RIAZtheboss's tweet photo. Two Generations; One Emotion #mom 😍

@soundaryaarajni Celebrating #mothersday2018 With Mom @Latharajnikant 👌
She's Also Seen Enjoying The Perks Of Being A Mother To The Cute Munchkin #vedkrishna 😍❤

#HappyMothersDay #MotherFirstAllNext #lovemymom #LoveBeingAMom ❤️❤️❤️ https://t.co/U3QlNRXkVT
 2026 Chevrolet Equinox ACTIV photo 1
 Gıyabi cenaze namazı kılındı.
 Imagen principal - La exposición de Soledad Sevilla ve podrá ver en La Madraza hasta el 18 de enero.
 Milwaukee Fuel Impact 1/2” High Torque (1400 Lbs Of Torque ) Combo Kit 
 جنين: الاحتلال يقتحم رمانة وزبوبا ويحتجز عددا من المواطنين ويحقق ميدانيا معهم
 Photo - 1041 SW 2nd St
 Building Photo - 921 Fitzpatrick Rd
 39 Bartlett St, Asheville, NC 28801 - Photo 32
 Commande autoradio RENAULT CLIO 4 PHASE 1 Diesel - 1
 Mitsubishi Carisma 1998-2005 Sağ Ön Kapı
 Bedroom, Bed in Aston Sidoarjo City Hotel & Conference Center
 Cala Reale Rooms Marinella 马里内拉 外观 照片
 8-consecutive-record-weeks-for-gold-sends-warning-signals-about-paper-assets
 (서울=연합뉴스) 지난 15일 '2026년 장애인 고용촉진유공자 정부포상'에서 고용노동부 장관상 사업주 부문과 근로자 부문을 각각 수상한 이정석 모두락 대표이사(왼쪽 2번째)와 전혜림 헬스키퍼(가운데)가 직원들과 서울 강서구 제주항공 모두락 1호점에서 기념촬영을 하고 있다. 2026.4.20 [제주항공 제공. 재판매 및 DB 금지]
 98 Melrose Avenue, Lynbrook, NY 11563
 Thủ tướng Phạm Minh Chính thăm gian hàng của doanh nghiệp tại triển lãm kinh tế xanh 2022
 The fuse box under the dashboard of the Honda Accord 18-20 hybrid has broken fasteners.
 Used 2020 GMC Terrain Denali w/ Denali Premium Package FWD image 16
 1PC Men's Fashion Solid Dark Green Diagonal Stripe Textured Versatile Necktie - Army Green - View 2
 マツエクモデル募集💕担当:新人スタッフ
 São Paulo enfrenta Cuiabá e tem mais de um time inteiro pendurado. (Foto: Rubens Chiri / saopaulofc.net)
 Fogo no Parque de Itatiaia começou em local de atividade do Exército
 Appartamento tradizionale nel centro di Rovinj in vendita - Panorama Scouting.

:::::

* **Required action**: Reproduce the full listing exactly.

* **Solution**:
RIAZtheboss's tweet photo. Two Generations; One Emotion #mom 😍

@soundaryaarajni Celebrating #mothersday2018 With Mom @Latharajnikant 👌
She's Also Seen Enjoying The Perks Of Being A Mother To The Cute Munchkin #vedkrishna 😍❤

#HappyMothersDay #MotherFirstAllNext #lovemymom #LoveBeingAMom ❤️❤️❤️ https://t.co/U3QlNRXkVT
 2026 Chevrolet Equinox ACTIV photo 1
 Gıyabi cenaze namazı kılındı.
 Imagen principal - La exposición de Soledad Sevilla ve podrá ver en La Madraza hasta el 18 de enero.
 Milwaukee Fuel Impact 1/2” High Torque (1400 Lbs Of Torque ) Combo Kit 
 جنين: الاحتلال يقتحم رمانة وزبوبا ويحتجز عددا من المواطنين ويحقق ميدانيا معهم
 Photo - 1041 SW 2nd St
 Building Photo - 921 Fitzpatrick Rd
 39 Bartlett St, Asheville, NC 28801 - Photo 32
 Commande autoradio RENAULT CLIO 4 PHASE 1 Diesel - 1
 Mitsubishi Carisma 1998-2005 Sağ Ön Kapı
 Bedroom, Bed in Aston Sidoarjo City Hotel & Conference Center
 Cala Reale Rooms Marinella 马里内拉 外观 照片
 8-consecutive-record-weeks-for-gold-sends-warning-signals-about-paper-assets
 (서울=연합뉴스) 지난 15일 '2026년 장애인 고용촉진유공자 정부포상'에서 고용노동부 장관상 사업주 부문과 근로자 부문을 각각 수상한 이정석 모두락 대표이사(왼쪽 2번째)와 전혜림 헬스키퍼(가운데)가 직원들과 서울 강서구 제주항공 모두락 1호점에서 기념촬영을 하고 있다. 2026.4.20 [제주항공 제공. 재판매 및 DB 금지]
 98 Melrose Avenue, Lynbrook, NY 11563
 Thủ tướng Phạm Minh Chính thăm gian hàng của doanh nghiệp tại triển lãm kinh tế xanh 2022
 The fuse box under the dashboard of the Honda Accord 18-20 hybrid has broken fasteners.
 Used 2020 GMC Terrain Denali w/ Denali Premium Package FWD image 16
 1PC Men's Fashion Solid Dark Green Diagonal Stripe Textured Versatile Necktie - Army Green - View 2
 マツエクモデル募集💕担当:新人スタッフ
 São Paulo enfrenta Cuiabá e tem mais de um time inteiro pendurado. (Foto: Rubens Chiri / saopaulofc.net)
 Fogo no Parque de Itatiaia começou em local de atividade do Exército
 Appartamento tradizionale nel centro di Rovinj in vendita - Panorama Scouting.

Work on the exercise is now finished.